*Requirement*
Please transcribe the entries below exactly and leave out every picture.

::: Recorded data :::

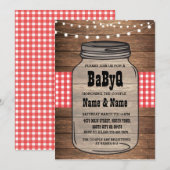 BaByQ Gender onthullen Baby shower Rode Check Invi Kaart (Voorkant / Achterkant)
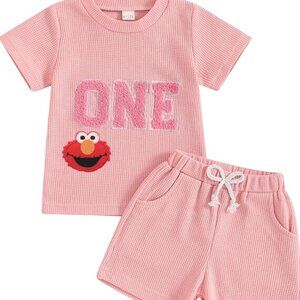 Pink Girl First Birthday Elmo Outfit Elmo Shirt Shorts Sesame Street Top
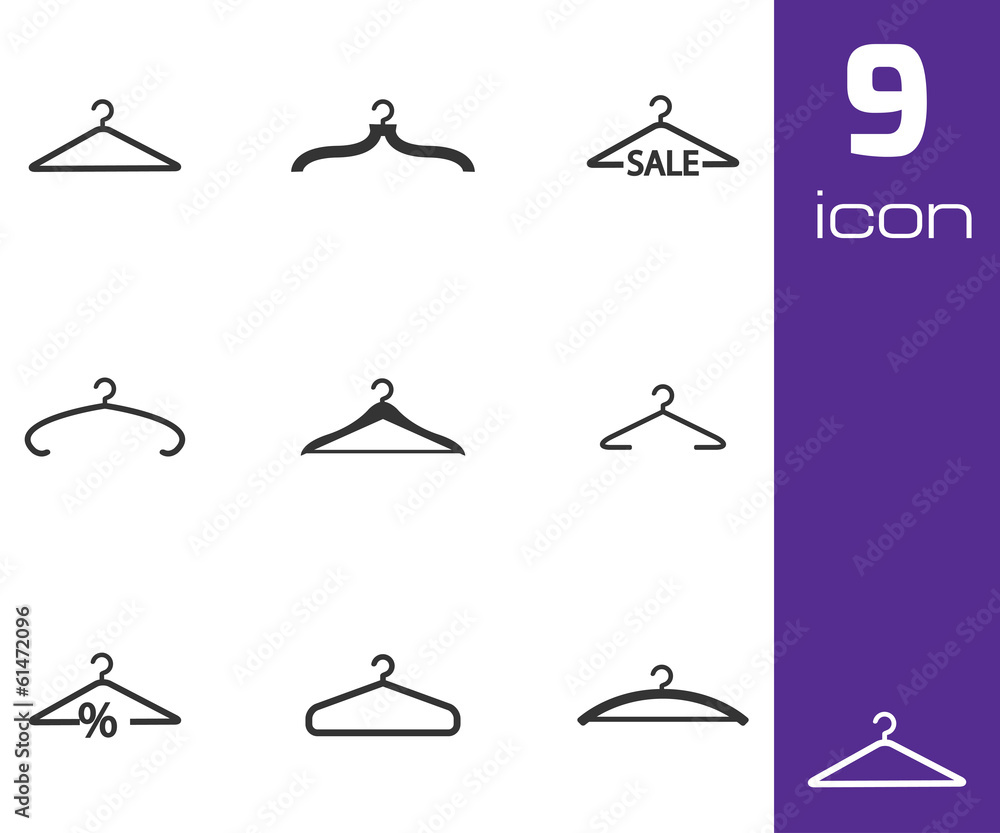 Canvas Prints vector black hanger icons set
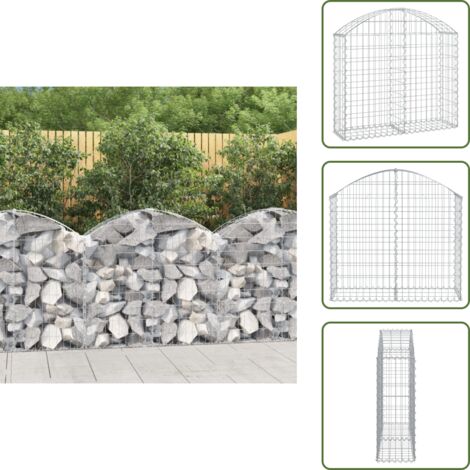 The Living Store Cesta de gaviones forma arco hierro galvanizado 100x30x80/100cm - Muro de contención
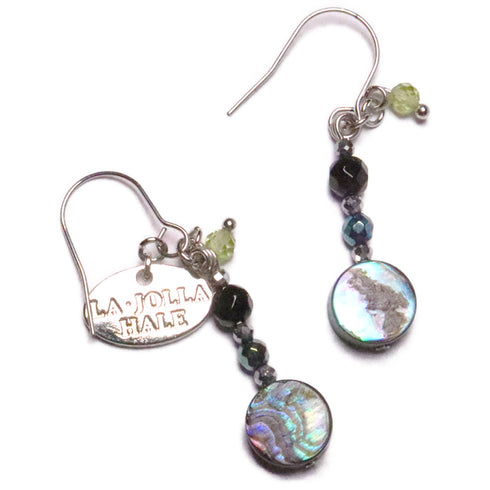 アバロニシェル×オニキス×ライトブルーヘマタイト ピアス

:::

*Finished exercise*
 BaByQ Gender onthullen Baby shower Rode Check Invi Kaart (Voorkant / Achterkant)
 Pink Girl First Birthday Elmo Outfit Elmo Shirt Shorts Sesame Street Top
 Canvas Prints vector black hanger icons set
 The Living Store Cesta de gaviones forma arco hierro galvanizado 100x30x80/100cm - Muro de contención
 アバロニシェル×オニキス×ライトブルーヘマタイト ピアス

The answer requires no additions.